Em seu 5º Sermão sobre a Quaresma, São Bernardo de Claraval discorre sobre a luta da carne e do diabo contra o homem espiritual e sobre a utilidade da oração. Falando inicialmente sobre a carne, nascida e nutrida no pecado, corrompida e viciada pelos maus costumes, o santo abade cisterciense nos diz que ela “por isso luta tão cruelmente contra o espírito; murmura com tanta frequência e não suporta a disciplina; sugere o mal, não se submete à razão, nem lhe assusta temor algum” (nº1). E, com realismo, Bernardo discorre em seguida sobre o modo de agir do inimigo da nossa salvação: “A ela [à carne] se une e vem em auxílio a astuta “serpente”, e dela se serve para atacar-nos. (…) Trama continuamente a maldade, instiga os desejos da carne (…), amarra-nos com nosso próprio cinto, espanca-nos com nosso próprio bastão, para que a carne que nos foi dada como ajuda converta-se em perdição e em laço” (nº 2). Assim age o diabo, que não podemos ver, devido à sua natureza espiritual e à sua astúcia, aprimorada pelo contínuo exercício de sua malícia.
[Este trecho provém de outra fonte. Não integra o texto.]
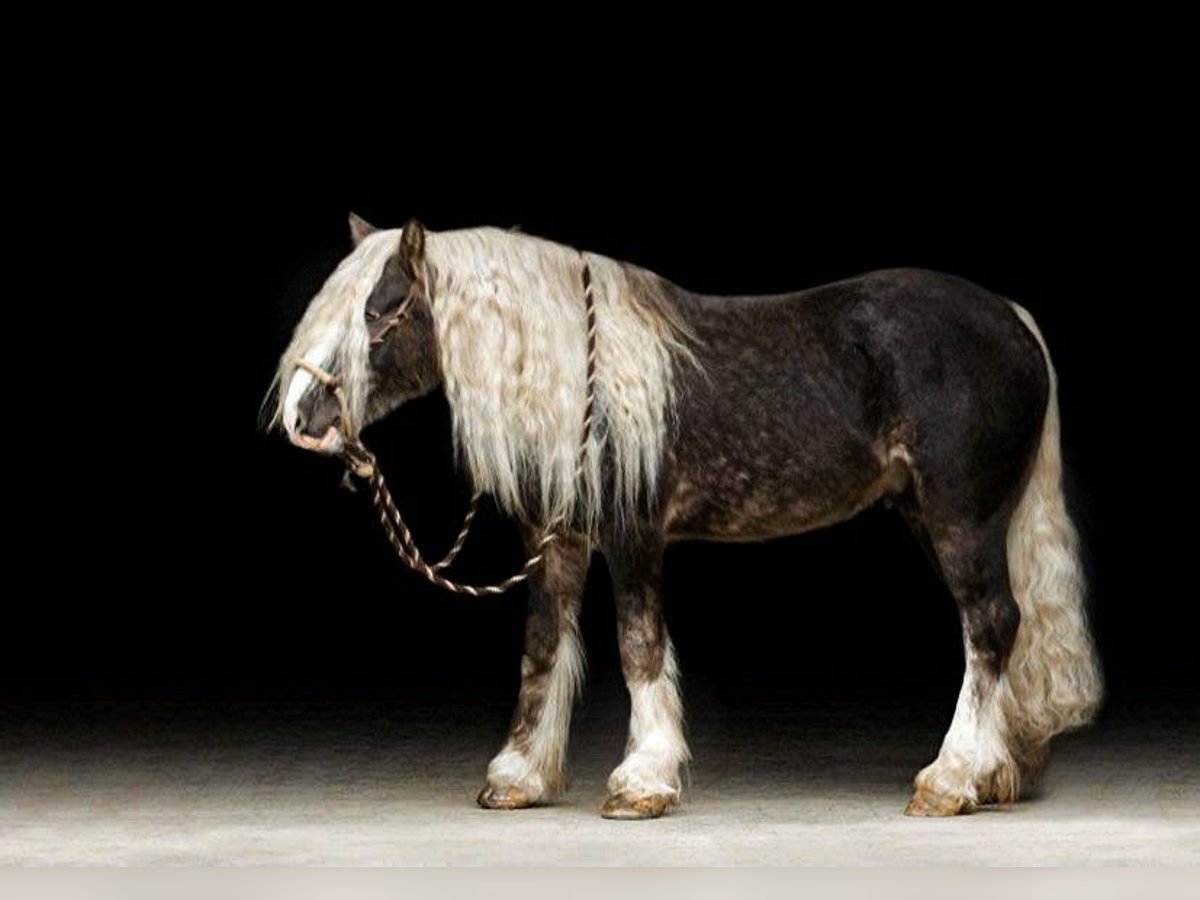 Cob Irlandese / Tinker / Gypsy Vanner Castrone 9 Anni 142 cm Grigio pezzato in Phoenix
Entretanto, está em nossas mãos não nos deixarmos vencer, porque Deus não permitirá que nenhum de nós seja abatido contra a própria vontade, já que, como recorda o abade de Claraval, “o inimigo é capaz de despertar o impulso da tentação, mas, se queres, tu podes dar ou negar o consentimento. (…) Se o inimigo incendiar o teu apetite de comer, sugerir-te pensamentos de vaidade, ou de impaciência ou te excitar a lascívia, tu, simplesmente, não consintas. Quantas vezes resistires, tantas serás coroado” (nº 3).

 

Ânimo para a luta! Isso é o que algumas vezes nos falta, já que os tempos modernos tentam a todo custo inculcar em nossos corações um pacifismo surreal, que não faz parte da ordem da natureza, muito menos da sadia história humana. Ser pacífico e promover a paz é evangélico (Mt 5,5.9), mas ser pacifista é antinatural, é promover o entorpecimento de nossas forças interiores a ponto de se tornarem amolecidas como o chumbo, ao invés de resistentes como o aço. Ser pacifista é deixar-se arrastar pela corrente dos acontecimentos como um rato morto boiando no fluxo de um cano de esgoto. Não te entrega sem luta! Resiste! Sai para fora do esgoto em que a carne, o mundo e o demônio te meteram! Esta é a mais importante das Quaresmas, porque é a Quaresma do presente; não é a do passado, que já não existe mais, nem será a do futuro, que ninguém sabe se verá sob a luz do sol. Esta é a mais importante de todas, porque enquanto estiveres consciente, podes, no dizer de São Bernardo, ter “sempre à mão o refúgio inexpugnável da oração” (n.4), que te protegerá das tentações da carne e dos ataques do demônio. E o mesmo santo abade nos exorta: “Irmãos, não desprezeis vossa oração. Eu vos digo que Aquele a quem oramos tampouco a despreza. Antes que saia de vossa boca, Ele já ordena que seja escrita em Seu livro. Podemos esperar, sem dúvida alguma, uma dessas duas coisas: dar-nos-á o que pedimos, ou o que Ele sabe que nos convém. ‘O Espírito vem em socorro de nossa fraqueza, pois não sabemos o que pedir’ (Rm 8,26). A oração nunca é infrutífera” (n. 5).